Why are relational operators so slow in this case?

7 views (last 30 days)
Oliver on 21 Feb 2013
I have a 2305-by-4-by-4455 array, "P", from which I want to generate a logical vector, "isdis", for indexing as follows:
isdis = (P(:,2,:) >= P(:,3,:) & P(:,3,:) >= P(:,4,:) & P(:,4,:) >= 0) &...
(P(:,2,:) <= (sqrt(2)-1)*P(:,1,:)) &...
(P(:,2,:)+P(:,3,:)+P(:,4,:) <= P(:,1,:));
Unfortunately, this takes a relatively long time to evaluate for some reason. On my machine (Windows 8, 4GB memory, Core i7 processor, Matlab R2012b), this statement takes about 0.8 sec to evaluate. Which may not seem like a long time, but it accounts for 55% (2 sec) of the larger function that it is a part of, which has to be called many times in my application (at 2 sec a pop, that's an expensive function call). I would have thought that relational operators like this (especially when vectorized as it is) would cost virtually nothing, can anyone help me understand why this is so slow?

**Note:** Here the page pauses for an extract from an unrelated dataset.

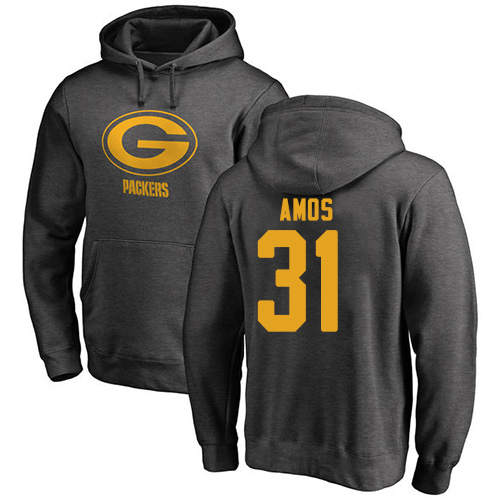 Men Green Bay Packers Ash 31 Amos Adrian One Color Nike NFL Pullover Hoodie Sweatshirts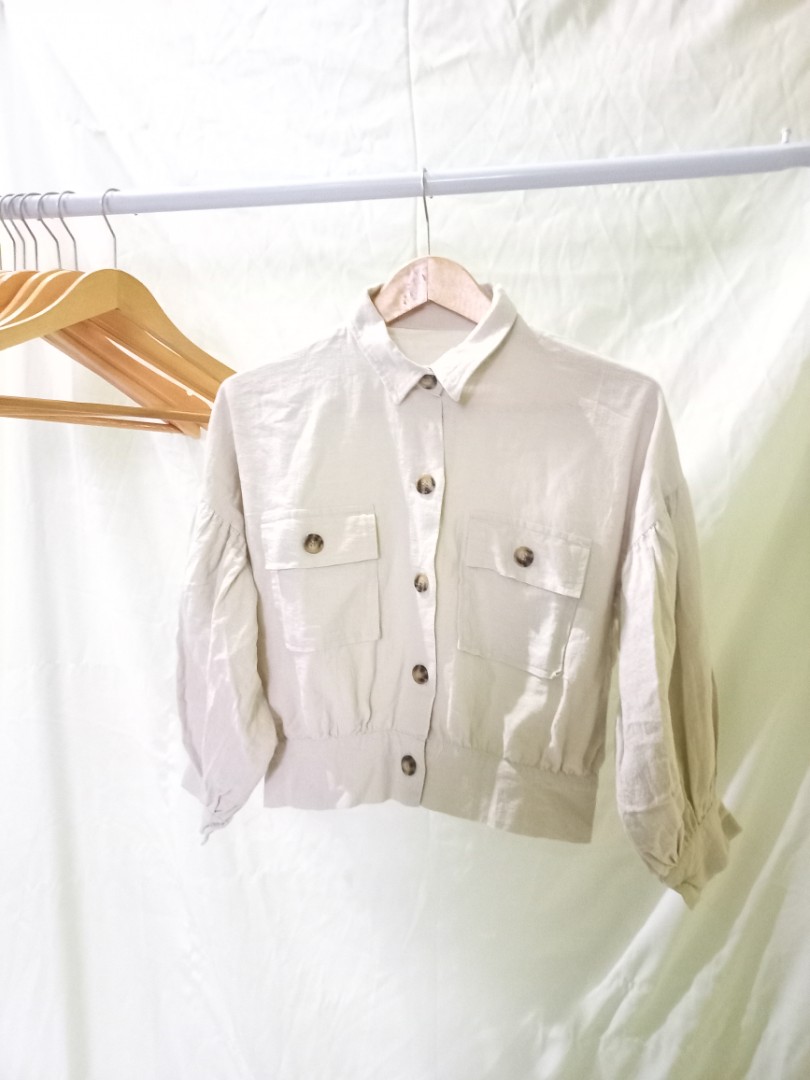 Crop Top Linen, Fesyen Wanita, Pakaian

If it helps, the one multiplication of:
(sqrt(2)-1)*P(:,1,:))
takes 0.07 sec. And the one addition of:
P(:,2,:)+P(:,3,:)+P(:,4,:)
takes 0.19 sec.
Any suggestions? This line needs to evaluate in at least an order of magnitude less time, and it seems like it ought to be possible to do it in at least 2 orders of magnitude less time.
Oliver on 22 Feb 2013
Thanks for the comment, I guess I just assumed that relational operators would be cheaper than they really are.

Jan on 21 Feb 2013
Creating the temporary array P(:,i,:) is time consuming, because the memory must be copied from non-contiguous blocks. After applying permute(P, [1,3,2]) the comparison is much faster.

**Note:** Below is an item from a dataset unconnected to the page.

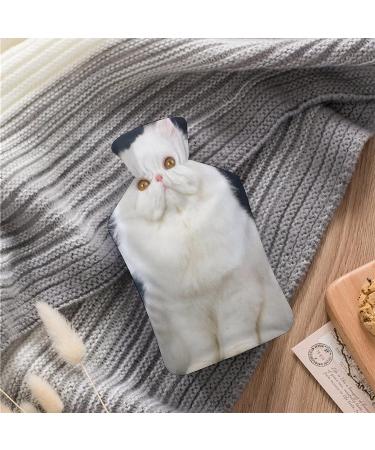 Animal White Cat Hot Water Bottle with Plush Cover - Hand Warmer for Adults & Kids | 26.5x15.3cm - Buy Internationally! - Buy Online on GoSupps.com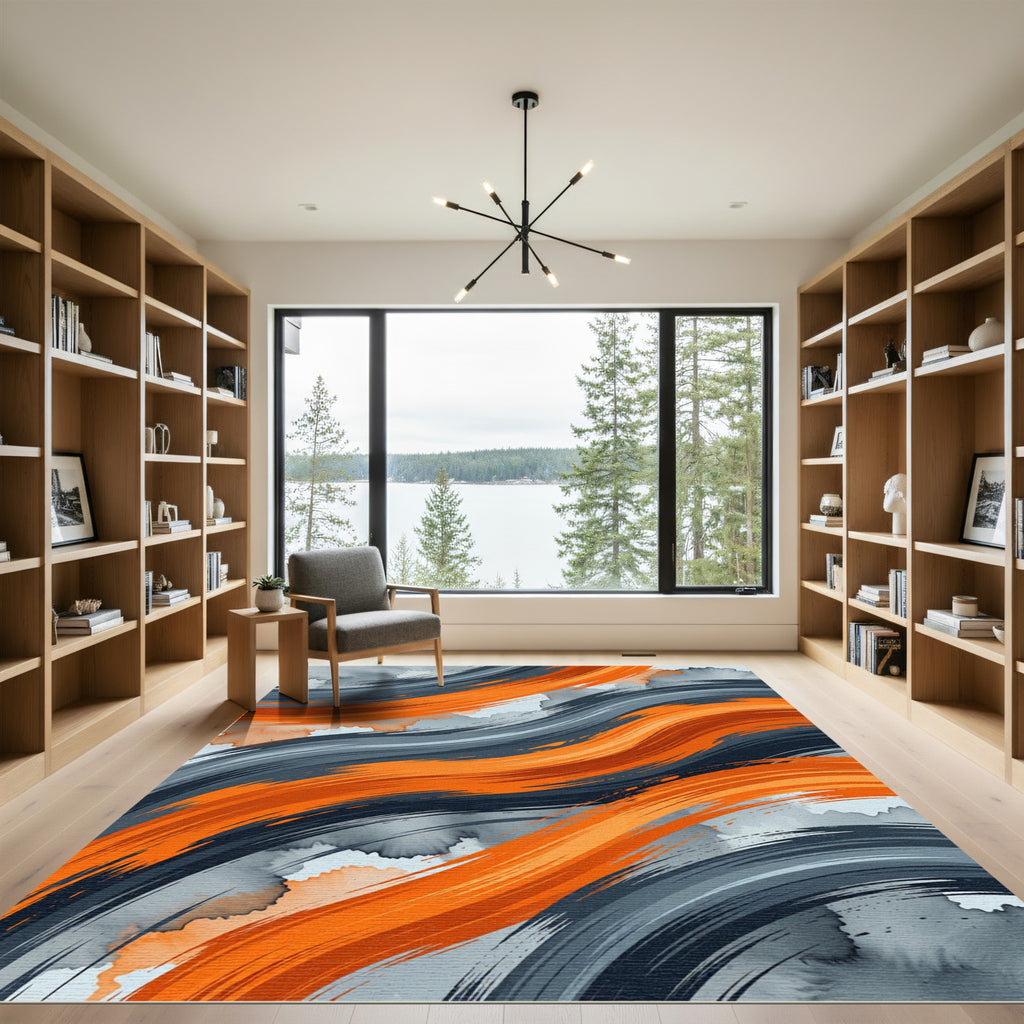 Abstract Orange and Charcoal Wave Rug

P(:,2,:)+P(:,3,:)+P(:,4,:) is 30% slower than sum(P, 2) - P(:,1,:) for the same reason.
Jan on 22 Feb 2013
The leasing dimensions of a multi-dim array have contiguous memory. Therefore the permute operation swaps the 2nd and 3rd dimension:
P = rand(2305, 4, 4455);
Q = permute(P, [1,3,2]);
size(Q) % 2305, 4455, 4
Does this clear the ordering?

Cedric Wannaz on 21 Feb 2013
Edited: Cedric Wannaz on 21 Feb 2013
The first thing that comes to my mind is that you could store slices in 2D variables to eliminate repetitive similar block-indexing operations in the expression for isdis:
slice1 = P(:,1,:) ;
slice2 = P(:,2,:) ;
slice3 = P(:,3,:) ;
slice4 = P(:,4,:) ;
You would then have something like (to check on your side):
isdis = (slice2 >= slice3 & slice3 >= slice4 & slice4 >= 0) &...
(slice2 <= (sqrt(2)-1)*slice1) &...
(slice2+slice3+slice4 <= slice1);
You won't get an order of magnitude improvement in computation time with only that though (maybe 20-30%).
Cedric Wannaz on 23 Feb 2013
Actually your solution is the fastest; I tried to beat it using some hybrid approach, but I can't even get close to your permute().